Cross-DC Filtering¶
Filter data in one collection and automatically update related visualizations—no pre-computed joins needed.
Overview¶
Links connect Data Collections for interactive filtering at runtime. When you filter a metadata table, linked MultiQC plots and other visualizations update automatically.
┌─────────────────┐ ┌─────────────────┐
│ Metadata Table │ link │ MultiQC Plots │
│ │────────▶│ │
│ [filter here] │ │ [auto-updates] │
└─────────────────┘ └─────────────────┘
How It Works¶
- Define a link between source DC (e.g., metadata table) and target DC (e.g., MultiQC)

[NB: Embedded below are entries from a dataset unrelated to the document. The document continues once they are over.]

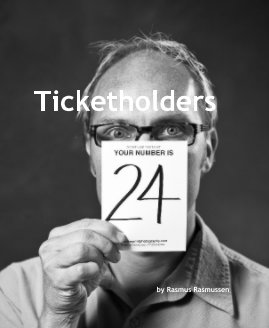 Ticketholders book cover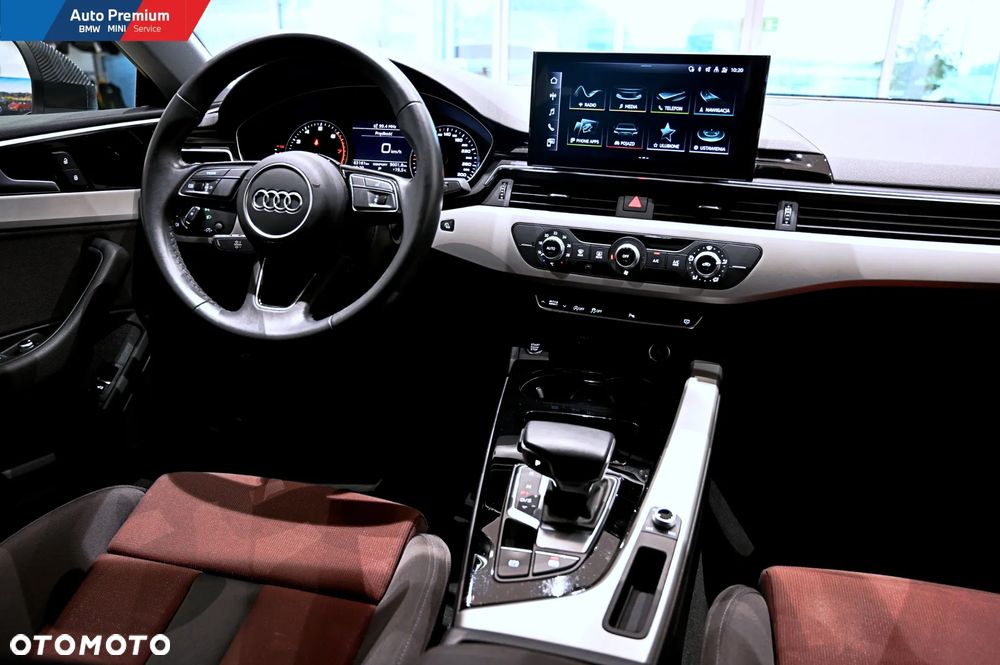 Audi A5 - 12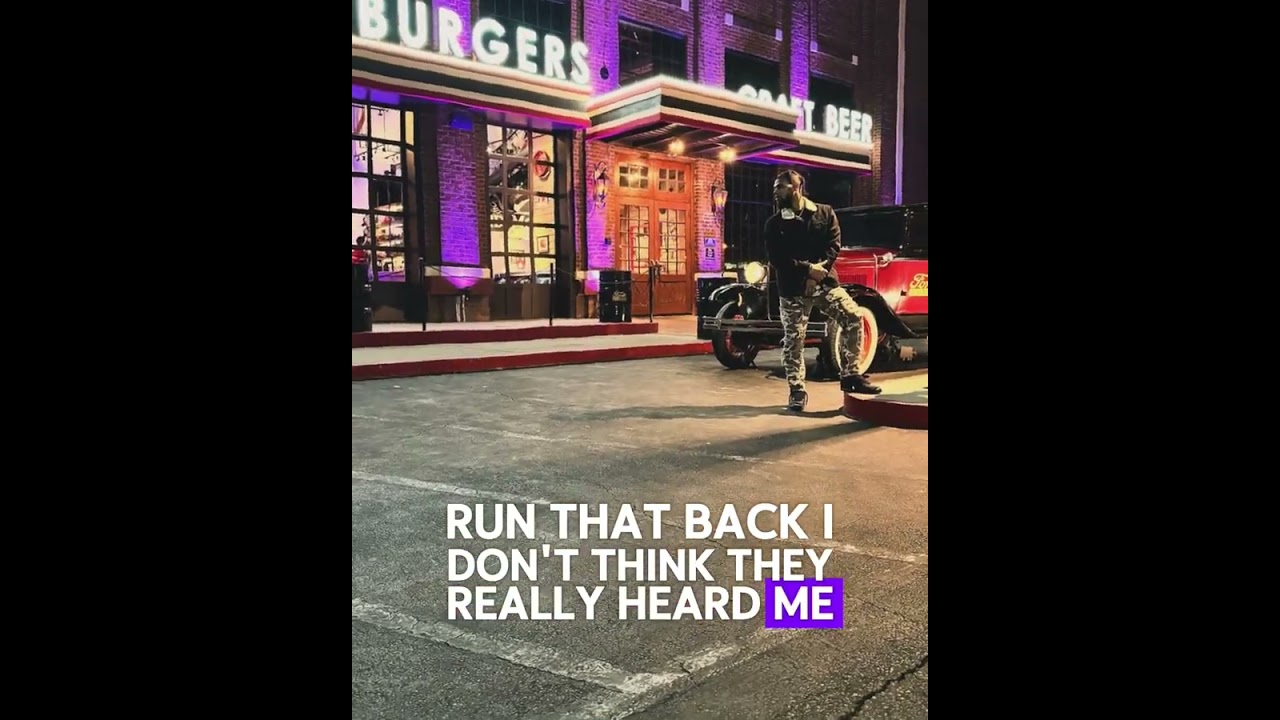 Craig Wallace - Do It (Remix) Lyric Video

- Add a filter component to your dashboard
- When users filter the source DC, linked targets automatically show only matching data
Configuration¶
Add links to your project YAML:
links:
- source_dc_id: sample_metadata
source_column: sample_id
target_dc_id: multiqc_fastqc
target_type: multiqc
link_config:
resolver: sample_mapping
Link Fields¶
| Field | Required | Description |
|---|---|---|
source_dc_id |
Yes | Data collection containing the filter |
source_column |
Yes | Column to filter on |
target_dc_id |
Yes | Data collection to receive filtered values |
target_type |
Yes | Type of target: table or multiqc |
link_config |
Yes | Resolution configuration (see below) |
Link Config Options¶
link_config:
resolver: sample_mapping # Resolution strategy
target_field: sample_name # Field to match in target (optional)
Resolvers¶
Resolvers map source values to target identifiers:
| Resolver | Use Case | Example |
|---|---|---|
direct |
Same value in both DCs | sample_id → sample_id |
sample_mapping |
Canonical ID → MultiQC variants | S1 → [S1_R1, S1_R2] |
pattern |
Template substitution | {sample}.bam |
When to Use Each Resolver¶
-
direct: Source and target use identical identifiers -
sample_mapping: MultiQC sample names differ from your canonical IDs (most common for MultiQC) -
pattern: Target uses predictable naming convention
Supported Target Types¶
| Type | Filter Action | Status |
|---|---|---|
table |
Filters rows with WHERE IN |
Available |
multiqc |
Filters plot samples | Available |
jbrowse2 |
Shows/hides tracks | Planned |
images |
Filters image gallery | Planned |
Complete Example¶
name: "RNA-seq QC Analysis"
project_type: "advanced"
# Define links for cross-DC filtering
links:
# Link metadata to MultiQC plots
- source_dc_id: sample_metadata
source_column: sample_id
target_dc_id: multiqc_general_stats
target_type: multiqc
link_config:
resolver: sample_mapping
# Link metadata to expression table
- source_dc_id: sample_metadata
source_column: sample_id
target_dc_id: gene_expression
target_type: table
link_config:
resolver: direct
target_field: sample_id
workflows:
- name: "rnaseq_pipeline"
# ... workflow config ...
data_collections:
- data_collection_tag: "sample_metadata"
config:
type: "table"
metatype: "metadata"
# ... scan config ...
- data_collection_tag: "multiqc_general_stats"
config:
type: "MultiQC"
- data_collection_tag: "gene_expression"
config:
type: "table"
metatype: "aggregate"
# ... scan config ...
Dashboard Usage¶
- Create a dashboard with your linked data collections
- Add a filter component (dropdown, multi-select) on the source DC
- Add visualizations for the target DCs
- Filter the source → targets update automatically
Links vs Joins¶
| Feature | Links | Joins |
|---|---|---|
| Execution | Runtime (on filter) | Pre-computed (CLI batch) |
| Storage | None | Delta table in S3 |
| Target types | Any (table, MultiQC, ...) | Tables only |
| Use case | Interactive filtering | Combined datasets |
Use links for interactive cross-DC filtering. Use joins when you need a permanently combined dataset.